A few weeks ago, I said I thought if Uber (UBER) could hold that 78-80 area, I thought it was okay. It promptly collapsed to prove me wrong; it was not okay. It is, however, short-term oversold enough to rally some more. Ideally, you want to see it map out with a pattern somewhat akin to what I have drawn in blue, but on a more intermediate-term basis, that 80 level is serious resistance.

Moderna (MRNA) is still a good chart (another stock that did nothing on Friday), longer term, but in the near term, that spike high from January is going to be resistance. I just don’t see much to do right now except that you don’t want to see it break that uptrend line.

Spotify (SPOT) had a great pop on earnings, gave almost all of it back, and is now right back at/near resistance. If it can get through 500, there is still a lot of resistance in that 520-540 area. For the time being, I’d say it’s one of those charts that is trying to bottom, but there is a lot to chew through on the upside.

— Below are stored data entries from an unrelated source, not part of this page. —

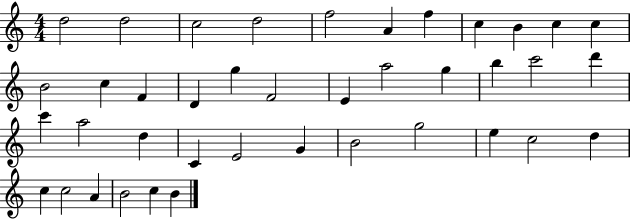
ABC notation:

X:1
T:Untitled
M:4/4
L:1/4
K:C
d2 d2 c2 d2 f2 A f c B c c B2 c F D g F2 E a2 g b c'2 d' c' a2 d C E2 G B2 g2 e c2 d c c2 A B2 c B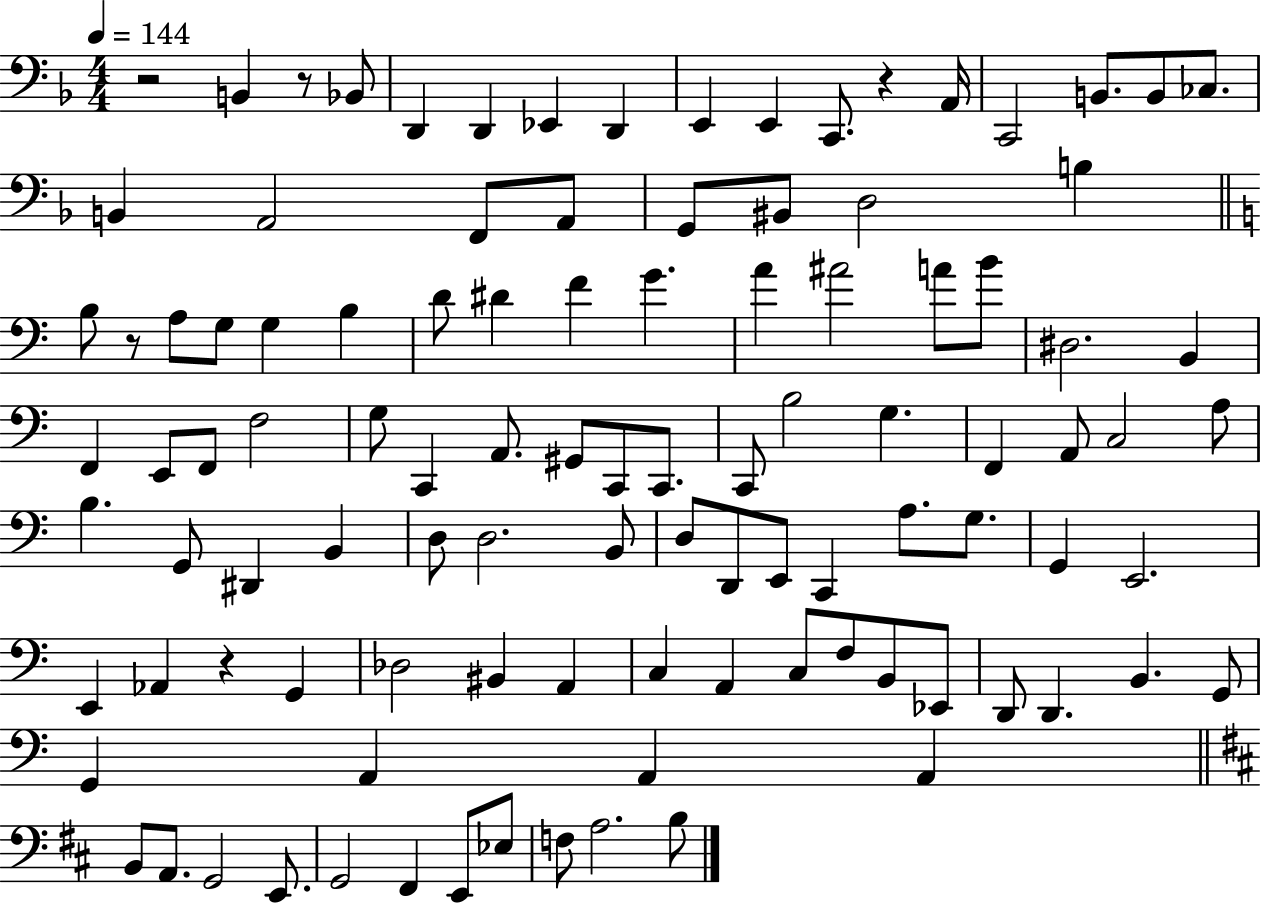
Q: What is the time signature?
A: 4/4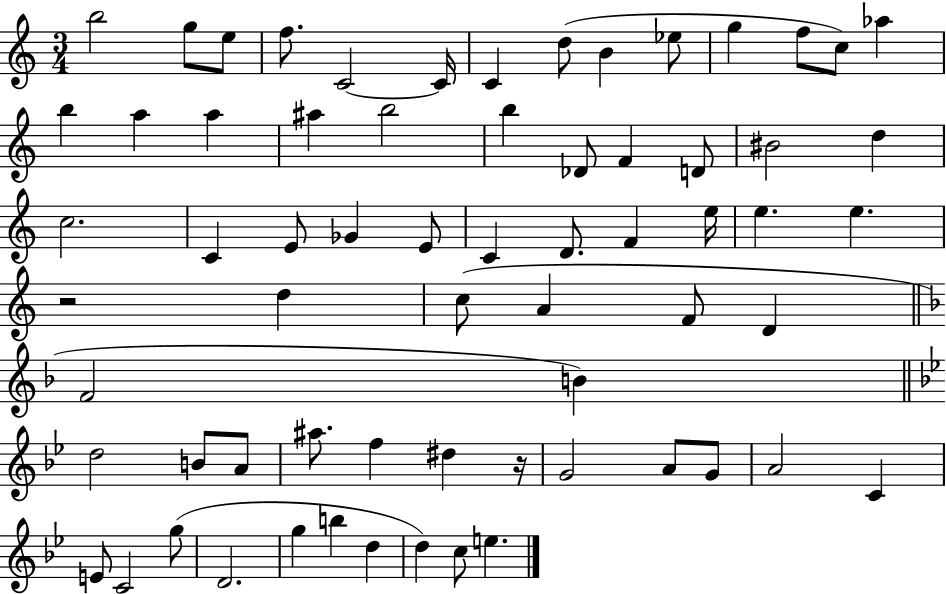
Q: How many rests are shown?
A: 2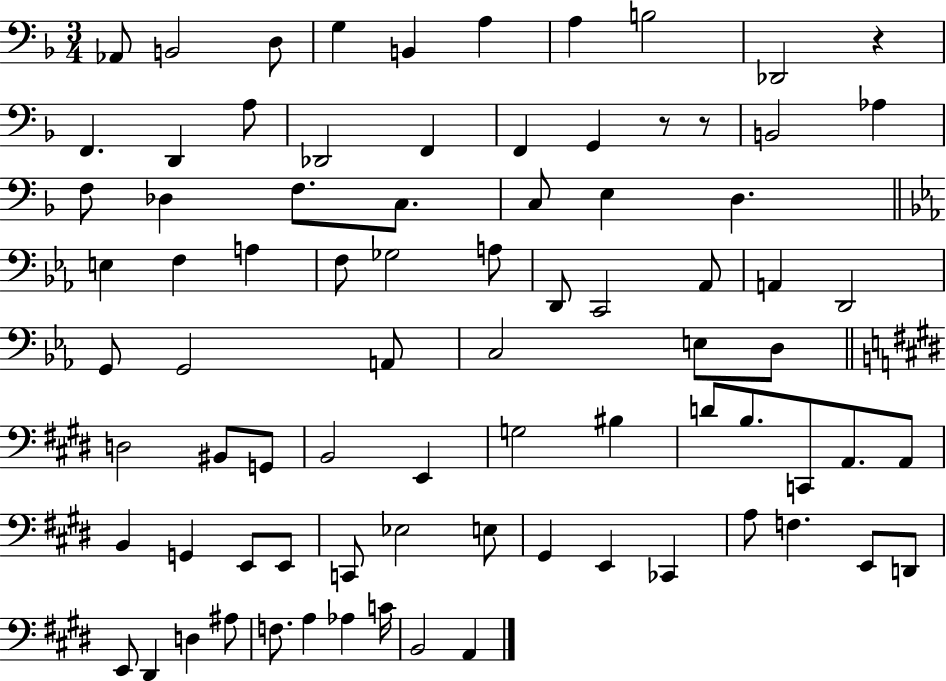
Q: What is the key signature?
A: F major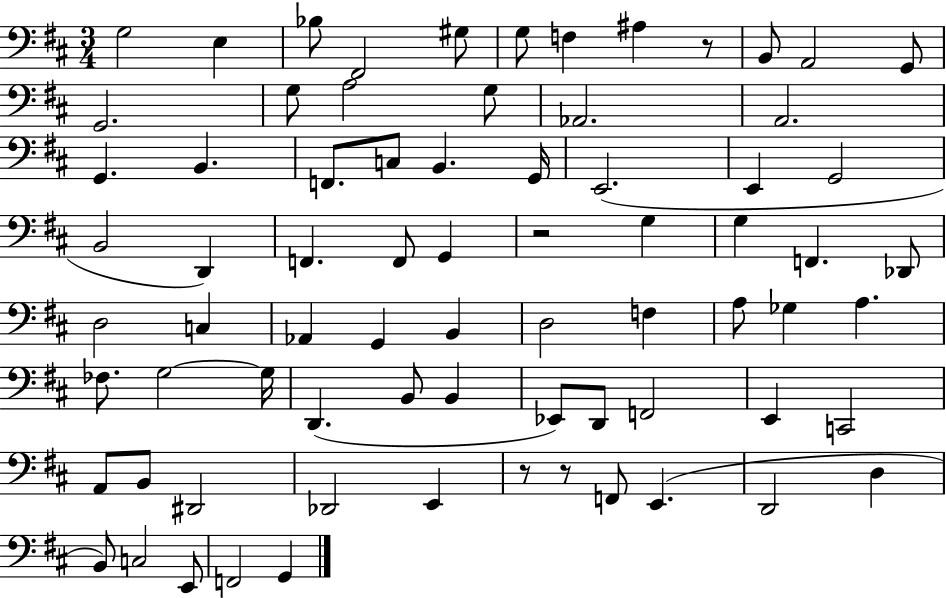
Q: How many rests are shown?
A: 4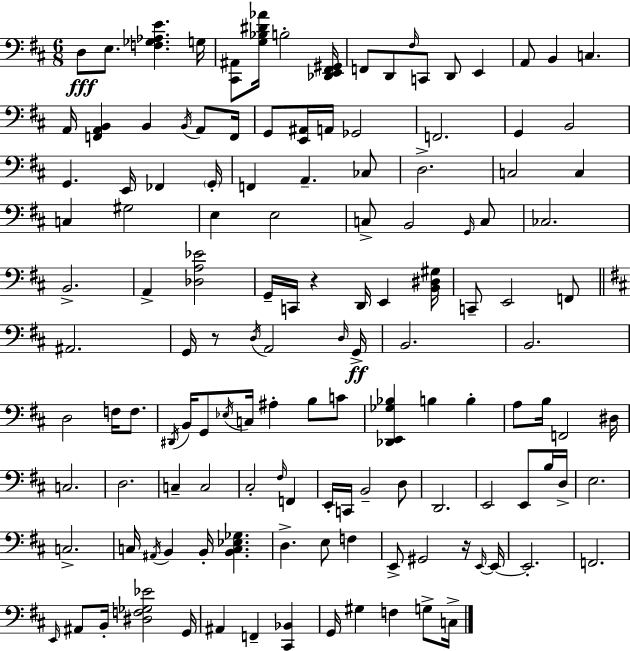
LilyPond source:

{
  \clef bass
  \numericTimeSignature
  \time 6/8
  \key d \major
  \repeat volta 2 { d8\fff e8. <f ges aes e'>4. g16 | <cis, ais,>8 <g bes dis' aes'>16 b2-. <des, e, fis, gis,>16 | f,8 d,8 \grace { fis16 } c,8 d,8 e,4 | a,8 b,4 c4. | \break a,16 <f, a, b,>4 b,4 \acciaccatura { b,16 } a,8 | f,16 g,8 <e, ais,>16 a,16 ges,2 | f,2. | g,4 b,2 | \break g,4. e,16 fes,4 | \parenthesize g,16-. f,4 a,4.-- | ces8 d2.-> | c2 c4 | \break c4 gis2 | e4 e2 | c8-> b,2 | \grace { g,16 } c8 ces2. | \break b,2.-> | a,4-> <des a ees'>2 | g,16-- c,16 r4 d,16 e,4 | <b, dis gis>16 c,8-- e,2 | \break f,8 \bar "||" \break \key d \major ais,2. | g,16 r8 \acciaccatura { d16 } a,2 | \grace { d16 } g,16->\ff b,2. | b,2. | \break d2 f16 f8. | \acciaccatura { dis,16 } b,16 g,8 \acciaccatura { ees16 } c16 ais4-. | b8 c'8 <des, e, ges bes>4 b4 | b4-. a8 b16 f,2 | \break dis16 c2. | d2. | c4-- c2 | cis2-. | \break \grace { fis16 } f,4 e,16-. c,16 b,2-- | d8 d,2. | e,2 | e,8 b16 d16-> e2. | \break c2.-> | c16 \acciaccatura { ais,16 } b,4 b,16-. | <b, c ees ges>4. d4.-> | e8 f4 e,8-> gis,2 | \break r16 \grace { e,16~ }~ e,16 e,2.-. | f,2. | \grace { e,16 } ais,8 b,16-. <dis f ges ees'>2 | g,16 ais,4 | \break f,4-- <cis, bes,>4 g,16 gis4 | f4 g8-> c16-> } \bar "|."
}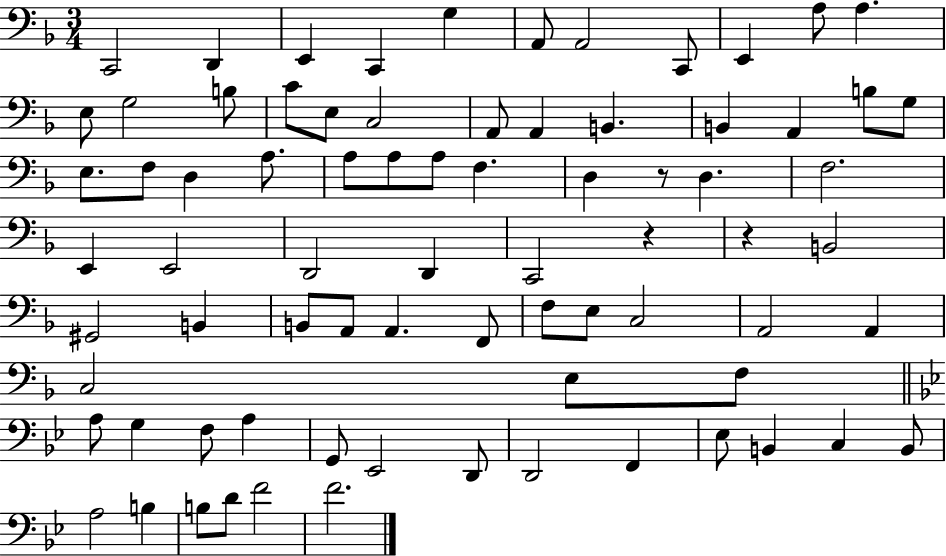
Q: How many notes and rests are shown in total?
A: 77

Broadcom (AVGO) is yet another stock that did nothing on Friday, which is surprising because it was a mega/big cap rally. It recently filled the gap from September (I had been looking for that for a while). So, I will say the stock is okay as long as it doesn’t break that low. Get it up and over 350, and that gap overhead around 395 should draw it in.
One thing to watch very closely, especially as NVDA reports earnings later this week, is that it hasn’t made a higher high since December, which is why if it comes down into that 300 area this time, I would not like it.